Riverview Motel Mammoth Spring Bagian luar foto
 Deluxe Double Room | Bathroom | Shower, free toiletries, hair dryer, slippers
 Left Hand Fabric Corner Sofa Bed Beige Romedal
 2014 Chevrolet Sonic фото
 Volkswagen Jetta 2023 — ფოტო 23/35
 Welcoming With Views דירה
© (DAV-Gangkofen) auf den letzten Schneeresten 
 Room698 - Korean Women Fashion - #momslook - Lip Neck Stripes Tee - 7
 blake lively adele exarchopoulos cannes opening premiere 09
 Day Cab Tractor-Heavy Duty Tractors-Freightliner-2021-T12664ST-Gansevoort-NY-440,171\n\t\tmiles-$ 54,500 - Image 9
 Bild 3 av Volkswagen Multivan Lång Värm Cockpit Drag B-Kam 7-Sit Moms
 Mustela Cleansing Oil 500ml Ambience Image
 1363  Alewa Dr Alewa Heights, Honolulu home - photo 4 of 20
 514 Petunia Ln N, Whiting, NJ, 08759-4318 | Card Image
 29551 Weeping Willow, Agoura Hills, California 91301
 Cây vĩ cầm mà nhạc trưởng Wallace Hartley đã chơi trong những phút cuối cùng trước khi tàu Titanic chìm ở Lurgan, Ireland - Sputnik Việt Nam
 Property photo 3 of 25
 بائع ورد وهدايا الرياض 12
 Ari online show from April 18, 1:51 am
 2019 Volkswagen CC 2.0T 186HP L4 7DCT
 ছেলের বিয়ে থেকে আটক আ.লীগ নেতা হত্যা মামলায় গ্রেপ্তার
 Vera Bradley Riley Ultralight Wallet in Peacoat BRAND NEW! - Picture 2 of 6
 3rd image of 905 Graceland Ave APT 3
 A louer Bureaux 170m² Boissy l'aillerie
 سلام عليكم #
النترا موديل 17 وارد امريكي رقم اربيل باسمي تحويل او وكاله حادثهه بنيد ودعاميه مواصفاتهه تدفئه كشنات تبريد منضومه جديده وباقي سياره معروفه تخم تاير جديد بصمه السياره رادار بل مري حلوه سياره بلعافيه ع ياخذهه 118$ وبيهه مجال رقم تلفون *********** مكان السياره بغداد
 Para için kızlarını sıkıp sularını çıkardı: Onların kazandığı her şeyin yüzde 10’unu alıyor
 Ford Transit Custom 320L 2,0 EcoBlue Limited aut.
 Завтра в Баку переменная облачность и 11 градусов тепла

Task requirements: Repeat, exactly and only, the lines from the beginning of the material through the line that contains "Mustela Cleansing Oil 500ml Ambience Image".

Answer box:
Riverview Motel Mammoth Spring Bagian luar foto
 Deluxe Double Room | Bathroom | Shower, free toiletries, hair dryer, slippers
 Left Hand Fabric Corner Sofa Bed Beige Romedal
 2014 Chevrolet Sonic фото
 Volkswagen Jetta 2023 — ფოტო 23/35
 Welcoming With Views דירה
© (DAV-Gangkofen) auf den letzten Schneeresten 
 Room698 - Korean Women Fashion - #momslook - Lip Neck Stripes Tee - 7
 blake lively adele exarchopoulos cannes opening premiere 09
 Day Cab Tractor-Heavy Duty Tractors-Freightliner-2021-T12664ST-Gansevoort-NY-440,171\n\t\tmiles-$ 54,500 - Image 9
 Bild 3 av Volkswagen Multivan Lång Värm Cockpit Drag B-Kam 7-Sit Moms
 Mustela Cleansing Oil 500ml Ambience Image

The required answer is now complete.